US economic figures keep surprising on the upside, following a series of data releases last month highlighting the continued resilience of the US economy. Firstly, there was a solid employment report, with 216k jobs adding to the economy in December, as well as steadier wage growth and an unemployment rate holding firm at 3.7%. Further into the month, fourth-quarter GDP of 3.3% annualised was significantly ahead of consensus expectations. The GDPNow model estimates 4.2 percent of real GDP growth (seasonally adjusted annual rate) in the first quarter of 2024.

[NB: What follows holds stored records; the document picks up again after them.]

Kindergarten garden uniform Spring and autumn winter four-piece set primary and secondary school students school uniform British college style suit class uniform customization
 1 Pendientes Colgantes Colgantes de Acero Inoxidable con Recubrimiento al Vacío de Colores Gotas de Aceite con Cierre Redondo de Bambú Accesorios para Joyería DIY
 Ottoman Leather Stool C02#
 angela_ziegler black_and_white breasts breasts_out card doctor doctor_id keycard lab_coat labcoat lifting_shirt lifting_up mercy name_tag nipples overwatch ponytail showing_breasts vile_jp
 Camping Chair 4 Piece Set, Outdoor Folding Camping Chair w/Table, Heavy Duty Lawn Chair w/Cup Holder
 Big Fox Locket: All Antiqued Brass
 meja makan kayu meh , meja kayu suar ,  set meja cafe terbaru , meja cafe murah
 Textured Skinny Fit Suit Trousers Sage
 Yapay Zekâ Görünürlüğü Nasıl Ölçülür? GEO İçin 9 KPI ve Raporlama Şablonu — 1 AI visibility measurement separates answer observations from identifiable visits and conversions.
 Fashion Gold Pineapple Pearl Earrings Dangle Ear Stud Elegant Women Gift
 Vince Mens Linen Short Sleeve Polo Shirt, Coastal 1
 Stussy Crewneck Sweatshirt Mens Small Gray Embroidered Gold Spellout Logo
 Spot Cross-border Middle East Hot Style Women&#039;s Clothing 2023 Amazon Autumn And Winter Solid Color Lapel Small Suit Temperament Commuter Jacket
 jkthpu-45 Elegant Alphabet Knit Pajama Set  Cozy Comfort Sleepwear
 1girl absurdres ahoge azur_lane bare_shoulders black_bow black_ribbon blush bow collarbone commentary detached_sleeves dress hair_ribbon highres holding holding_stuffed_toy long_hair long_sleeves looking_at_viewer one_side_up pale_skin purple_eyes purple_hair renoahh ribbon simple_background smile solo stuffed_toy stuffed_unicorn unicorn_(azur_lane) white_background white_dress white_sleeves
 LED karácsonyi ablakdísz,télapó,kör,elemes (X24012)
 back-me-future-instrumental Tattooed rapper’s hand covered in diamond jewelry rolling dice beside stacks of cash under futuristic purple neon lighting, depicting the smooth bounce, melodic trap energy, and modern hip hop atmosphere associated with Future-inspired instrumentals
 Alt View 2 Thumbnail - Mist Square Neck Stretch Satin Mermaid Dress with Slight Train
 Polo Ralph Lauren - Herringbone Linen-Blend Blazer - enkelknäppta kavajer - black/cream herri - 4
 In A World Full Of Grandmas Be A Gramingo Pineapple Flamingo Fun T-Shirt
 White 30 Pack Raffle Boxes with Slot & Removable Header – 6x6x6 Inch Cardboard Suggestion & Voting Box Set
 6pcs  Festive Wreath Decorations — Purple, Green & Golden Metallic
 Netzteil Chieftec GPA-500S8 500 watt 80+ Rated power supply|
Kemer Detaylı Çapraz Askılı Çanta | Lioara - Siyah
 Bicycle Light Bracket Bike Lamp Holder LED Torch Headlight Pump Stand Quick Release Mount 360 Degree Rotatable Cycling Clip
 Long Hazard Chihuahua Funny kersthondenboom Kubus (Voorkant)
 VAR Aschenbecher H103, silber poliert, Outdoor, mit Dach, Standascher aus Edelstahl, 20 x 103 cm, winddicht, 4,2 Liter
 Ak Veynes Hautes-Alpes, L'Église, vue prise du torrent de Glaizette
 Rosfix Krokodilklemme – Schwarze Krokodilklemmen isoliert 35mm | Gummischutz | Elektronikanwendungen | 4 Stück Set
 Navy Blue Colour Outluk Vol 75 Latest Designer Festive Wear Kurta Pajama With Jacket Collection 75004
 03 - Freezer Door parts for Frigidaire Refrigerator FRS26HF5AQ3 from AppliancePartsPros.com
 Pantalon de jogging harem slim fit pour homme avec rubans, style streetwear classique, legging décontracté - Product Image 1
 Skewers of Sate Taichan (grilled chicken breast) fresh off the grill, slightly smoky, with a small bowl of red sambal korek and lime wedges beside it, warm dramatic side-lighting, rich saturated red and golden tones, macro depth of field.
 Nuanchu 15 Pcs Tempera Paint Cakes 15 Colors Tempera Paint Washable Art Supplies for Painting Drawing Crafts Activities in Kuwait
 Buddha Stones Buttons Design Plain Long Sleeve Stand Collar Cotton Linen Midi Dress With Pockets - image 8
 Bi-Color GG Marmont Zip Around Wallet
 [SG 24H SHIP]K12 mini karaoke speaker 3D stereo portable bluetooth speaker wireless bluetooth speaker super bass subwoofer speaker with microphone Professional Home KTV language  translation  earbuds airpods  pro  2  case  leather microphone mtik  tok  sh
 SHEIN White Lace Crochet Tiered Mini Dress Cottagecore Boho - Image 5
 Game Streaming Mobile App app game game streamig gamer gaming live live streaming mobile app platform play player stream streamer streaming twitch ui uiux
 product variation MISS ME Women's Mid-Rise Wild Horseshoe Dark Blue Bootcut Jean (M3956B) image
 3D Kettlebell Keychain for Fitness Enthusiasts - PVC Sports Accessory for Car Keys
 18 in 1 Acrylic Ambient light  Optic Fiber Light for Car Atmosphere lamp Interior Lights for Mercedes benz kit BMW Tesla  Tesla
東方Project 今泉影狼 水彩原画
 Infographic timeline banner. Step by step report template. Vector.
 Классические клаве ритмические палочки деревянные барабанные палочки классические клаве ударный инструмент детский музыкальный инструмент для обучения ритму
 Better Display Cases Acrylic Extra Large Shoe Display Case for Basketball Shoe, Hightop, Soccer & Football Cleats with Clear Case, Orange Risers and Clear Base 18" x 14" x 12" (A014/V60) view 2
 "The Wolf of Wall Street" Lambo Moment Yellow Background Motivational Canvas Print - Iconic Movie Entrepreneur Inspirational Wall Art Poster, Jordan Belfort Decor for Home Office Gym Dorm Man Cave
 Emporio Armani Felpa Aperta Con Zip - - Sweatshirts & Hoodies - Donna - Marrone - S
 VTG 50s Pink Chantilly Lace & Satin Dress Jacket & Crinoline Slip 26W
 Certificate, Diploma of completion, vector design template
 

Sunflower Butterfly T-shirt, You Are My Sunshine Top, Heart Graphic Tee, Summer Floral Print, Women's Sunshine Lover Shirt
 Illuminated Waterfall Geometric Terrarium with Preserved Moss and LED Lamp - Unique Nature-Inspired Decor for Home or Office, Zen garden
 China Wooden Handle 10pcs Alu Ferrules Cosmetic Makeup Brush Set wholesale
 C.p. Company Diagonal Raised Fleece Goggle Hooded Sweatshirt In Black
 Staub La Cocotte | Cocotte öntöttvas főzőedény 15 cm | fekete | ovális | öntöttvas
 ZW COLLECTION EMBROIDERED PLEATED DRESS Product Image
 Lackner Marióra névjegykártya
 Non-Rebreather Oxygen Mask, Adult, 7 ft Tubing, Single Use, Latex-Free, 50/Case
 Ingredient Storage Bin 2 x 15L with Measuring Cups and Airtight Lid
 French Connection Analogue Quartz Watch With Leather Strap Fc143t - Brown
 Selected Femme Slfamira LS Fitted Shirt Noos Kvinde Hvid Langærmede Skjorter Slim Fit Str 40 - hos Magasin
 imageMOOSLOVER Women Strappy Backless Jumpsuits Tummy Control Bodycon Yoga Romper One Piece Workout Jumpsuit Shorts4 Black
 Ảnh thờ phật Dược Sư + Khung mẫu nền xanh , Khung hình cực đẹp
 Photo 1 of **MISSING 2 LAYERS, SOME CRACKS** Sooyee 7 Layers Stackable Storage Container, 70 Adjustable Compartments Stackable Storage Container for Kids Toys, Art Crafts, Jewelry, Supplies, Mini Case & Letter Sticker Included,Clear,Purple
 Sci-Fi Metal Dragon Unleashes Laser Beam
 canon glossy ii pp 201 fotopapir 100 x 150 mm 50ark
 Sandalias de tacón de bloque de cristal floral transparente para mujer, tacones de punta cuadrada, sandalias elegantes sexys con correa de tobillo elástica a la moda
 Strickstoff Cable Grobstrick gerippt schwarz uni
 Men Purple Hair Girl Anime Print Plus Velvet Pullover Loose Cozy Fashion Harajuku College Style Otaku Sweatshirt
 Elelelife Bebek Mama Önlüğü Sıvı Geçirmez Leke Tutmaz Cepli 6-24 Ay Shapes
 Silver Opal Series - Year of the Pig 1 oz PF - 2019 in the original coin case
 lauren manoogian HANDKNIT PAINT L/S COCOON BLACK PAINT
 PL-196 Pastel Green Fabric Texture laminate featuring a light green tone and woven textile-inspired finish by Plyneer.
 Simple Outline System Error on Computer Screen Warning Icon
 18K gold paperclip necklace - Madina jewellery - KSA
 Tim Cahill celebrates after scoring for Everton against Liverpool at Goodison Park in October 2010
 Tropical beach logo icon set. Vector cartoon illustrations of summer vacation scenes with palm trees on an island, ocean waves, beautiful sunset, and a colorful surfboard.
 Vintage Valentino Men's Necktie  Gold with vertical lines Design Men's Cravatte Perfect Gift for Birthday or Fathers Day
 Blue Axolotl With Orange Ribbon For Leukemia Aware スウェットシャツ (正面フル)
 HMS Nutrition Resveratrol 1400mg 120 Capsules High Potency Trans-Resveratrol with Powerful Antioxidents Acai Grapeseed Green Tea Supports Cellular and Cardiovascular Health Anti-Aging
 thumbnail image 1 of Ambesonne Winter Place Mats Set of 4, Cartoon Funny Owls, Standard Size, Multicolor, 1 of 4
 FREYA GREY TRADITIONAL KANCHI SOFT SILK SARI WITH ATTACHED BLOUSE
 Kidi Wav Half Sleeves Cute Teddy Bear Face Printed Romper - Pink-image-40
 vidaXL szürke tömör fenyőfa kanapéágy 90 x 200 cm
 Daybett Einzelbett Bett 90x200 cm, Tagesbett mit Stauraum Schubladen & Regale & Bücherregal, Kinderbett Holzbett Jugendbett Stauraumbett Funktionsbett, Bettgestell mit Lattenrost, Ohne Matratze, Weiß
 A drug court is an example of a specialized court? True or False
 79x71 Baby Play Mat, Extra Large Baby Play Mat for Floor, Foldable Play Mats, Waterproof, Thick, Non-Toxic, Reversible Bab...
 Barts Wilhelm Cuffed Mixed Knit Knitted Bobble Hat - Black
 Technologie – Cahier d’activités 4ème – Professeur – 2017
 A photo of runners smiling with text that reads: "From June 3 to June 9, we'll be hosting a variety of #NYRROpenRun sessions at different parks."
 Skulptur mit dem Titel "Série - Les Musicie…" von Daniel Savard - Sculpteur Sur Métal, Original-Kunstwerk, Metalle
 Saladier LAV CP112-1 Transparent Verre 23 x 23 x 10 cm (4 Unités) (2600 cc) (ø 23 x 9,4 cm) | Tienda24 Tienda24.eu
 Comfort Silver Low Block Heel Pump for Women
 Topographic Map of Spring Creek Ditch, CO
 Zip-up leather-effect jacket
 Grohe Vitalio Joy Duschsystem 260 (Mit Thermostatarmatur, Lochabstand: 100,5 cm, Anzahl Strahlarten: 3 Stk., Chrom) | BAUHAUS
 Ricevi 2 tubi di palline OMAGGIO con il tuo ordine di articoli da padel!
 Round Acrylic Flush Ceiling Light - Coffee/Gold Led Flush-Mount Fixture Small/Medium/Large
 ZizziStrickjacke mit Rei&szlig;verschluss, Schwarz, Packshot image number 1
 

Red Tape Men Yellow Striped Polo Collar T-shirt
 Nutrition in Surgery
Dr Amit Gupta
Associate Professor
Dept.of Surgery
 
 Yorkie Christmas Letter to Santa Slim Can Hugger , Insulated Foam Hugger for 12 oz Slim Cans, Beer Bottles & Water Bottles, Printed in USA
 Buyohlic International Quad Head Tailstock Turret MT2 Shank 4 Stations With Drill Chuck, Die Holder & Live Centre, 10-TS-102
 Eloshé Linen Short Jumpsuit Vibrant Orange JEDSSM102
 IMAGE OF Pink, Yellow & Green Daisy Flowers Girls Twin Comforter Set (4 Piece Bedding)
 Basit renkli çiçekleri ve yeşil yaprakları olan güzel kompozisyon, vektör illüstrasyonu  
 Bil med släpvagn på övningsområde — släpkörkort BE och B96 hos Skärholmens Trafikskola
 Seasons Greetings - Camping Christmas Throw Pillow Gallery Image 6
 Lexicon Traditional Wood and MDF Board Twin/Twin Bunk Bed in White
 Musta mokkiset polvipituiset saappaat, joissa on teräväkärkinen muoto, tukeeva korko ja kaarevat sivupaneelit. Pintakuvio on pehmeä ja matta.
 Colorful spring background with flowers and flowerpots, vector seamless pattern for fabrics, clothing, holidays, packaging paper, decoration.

On the monetary policy front, the Fed (and other developed markets central banks) remain on hold. As expected, the Fed kept its policy rate unchanged in January, but the market's focus was mainly centred on future meetings, seeking any signals around when a rate cut may come (markets had been pricing in a cut as early as March). The Fed did NOT give the market what it was hoping for, instead emphasising that it plans to wait a while longer to build greater confidence that inflation will remain on its current, descending path. This was the right move, in our opinion. Cutting prematurely runs the risk of having to backtrack if inflation were to perk up again, an outcome that would be far more detrimental to the markets than staying on hold a little longer. Markets have been re-pricing downward the number of Fed rate cuts expected in 2024. Four rate cuts are now priced in for 2024 (red), the least number of cuts year-to-date. This is down from seven rate hikes on January 12 (green).


Source: Bianco Research

The US economic strength contrasts with recent developments in China. Indeed, the Chinese domestic economy continues to struggle, with disappointing retail sales and further deterioration in housing activity. Fourth-quarter GDP rose by 5.2% year-on-year, in line with predictions but remaining historically weak. Whilst the PBOC announced several stimulus measures, it was not the political "bazooka" the markets had hoped for to boost activity.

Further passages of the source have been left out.